Commercial Real Estate
One issue of increasing concern in the community banking sector is that of commercial real estate and the potential for overexposure. Many community banks rely on commercial real estate (CRE) as the “bread and butter” of their local markets. The degree of borrowers’ ability to service their CRE loans is closely tied to the performance of the overall economy, employment and income. Notably, retail sales declined 0.3% in the important December 2009 figure and unemployment remains near a 26-year high. So the sales at stores and businesses occupying commercial space is under stress and rents are suffering, putting increased pressure on paying loan and lease commitments. Until individual spending (which makes up 70% of GDP) and employment numbers improve, CRE loans set for renewal are likely to see continuing rising defaults.
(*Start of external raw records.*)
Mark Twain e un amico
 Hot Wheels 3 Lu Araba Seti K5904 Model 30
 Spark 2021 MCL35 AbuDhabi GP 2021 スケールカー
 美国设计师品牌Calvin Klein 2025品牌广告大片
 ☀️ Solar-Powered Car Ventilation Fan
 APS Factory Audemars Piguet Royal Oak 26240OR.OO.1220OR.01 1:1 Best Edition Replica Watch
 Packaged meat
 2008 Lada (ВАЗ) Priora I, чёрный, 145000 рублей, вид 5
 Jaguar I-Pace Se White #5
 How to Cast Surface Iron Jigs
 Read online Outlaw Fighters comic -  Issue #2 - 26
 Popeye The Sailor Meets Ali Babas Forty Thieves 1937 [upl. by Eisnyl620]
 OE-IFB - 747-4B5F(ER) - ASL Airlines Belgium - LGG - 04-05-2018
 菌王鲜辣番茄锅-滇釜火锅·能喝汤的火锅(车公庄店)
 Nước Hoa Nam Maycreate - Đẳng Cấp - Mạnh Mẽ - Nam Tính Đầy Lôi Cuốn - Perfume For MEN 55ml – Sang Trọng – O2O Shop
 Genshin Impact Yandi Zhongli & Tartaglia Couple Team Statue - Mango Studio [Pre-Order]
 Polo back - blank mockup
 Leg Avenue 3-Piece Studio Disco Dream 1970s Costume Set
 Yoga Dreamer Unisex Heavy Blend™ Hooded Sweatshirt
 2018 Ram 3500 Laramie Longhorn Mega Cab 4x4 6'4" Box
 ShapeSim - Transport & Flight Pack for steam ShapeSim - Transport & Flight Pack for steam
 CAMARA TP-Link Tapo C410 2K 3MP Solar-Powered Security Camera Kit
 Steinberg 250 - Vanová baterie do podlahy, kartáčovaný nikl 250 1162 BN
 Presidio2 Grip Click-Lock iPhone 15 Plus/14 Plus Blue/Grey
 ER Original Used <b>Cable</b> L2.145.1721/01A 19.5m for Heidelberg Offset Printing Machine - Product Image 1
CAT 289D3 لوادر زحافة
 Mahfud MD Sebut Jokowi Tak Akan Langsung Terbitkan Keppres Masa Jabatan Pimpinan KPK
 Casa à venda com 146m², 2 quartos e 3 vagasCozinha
This adds stress to the community banking sector as they rely on commercial real estate as a significant portion of their overall portfolio. However, bank regulators have much more aggressively examined community banks for CRE concentration dating back to 2006. For example, an institution whose total amount of reported construction, land development, and other land loans represents, approaches, or exceeds 100% or more of the institution's total capital will be subject to greater regulatory pressure and oversight. An institution whose total CRE loans represent, approach, or exceed 300% or more of the institution's total capital and whose outstanding balance of CRE loans has increased by 50% or more during the prior 36 months will also come under even greater regulatory scrutiny.
It is not uncommon to have community banks exceed the 100/300% of regulatory capital threshold, but few have seen very rapid growth in CRE exceeding 50% in the past 3 years. Many community banks survived the CRE stress in the 1980s and 1990s, and have much better controls over their CRE concentration. Community bankers report today’s CRE troubles are nowhere near the magnitude of the late 1980s and 1990s. CRE credit in the economy has already shrunk by about $45 billion from its 2007 peak. However, CRE exposure will be a significant reason banks will remain under stress in 2010 and is a key reason 702 banks are on the FDIC problem bank list.
That said, community banks report they underwrite and manage these commercial real estate loans in a conservative manner, requiring higher down payments or other steps that offset credit risks and concentrations. Community banks believe they do a better job monitoring CRE loans than do large nationwide lenders because they are more likely to work one-on-one with the customer, and they have a better understanding of the economic conditions in their communities. The vast majority of community banks have the capital to ride out the depressed CRE market.
However, community banks all over the country, even those located in areas with relatively healthy economies, are under regulatory pressure to decrease CRE concentrations. Should real estate prices stabilize with economic growth, the CRE concerns will abate. Many community banks report that CRE loan payments are regularly being made (so the loans are performing) but their underlying collateral value has declined. Therefore, as CRE loans are due for renewal; borrowers as well as banks are often forced to put up increased capital to be able to renew the loan and prevent default.”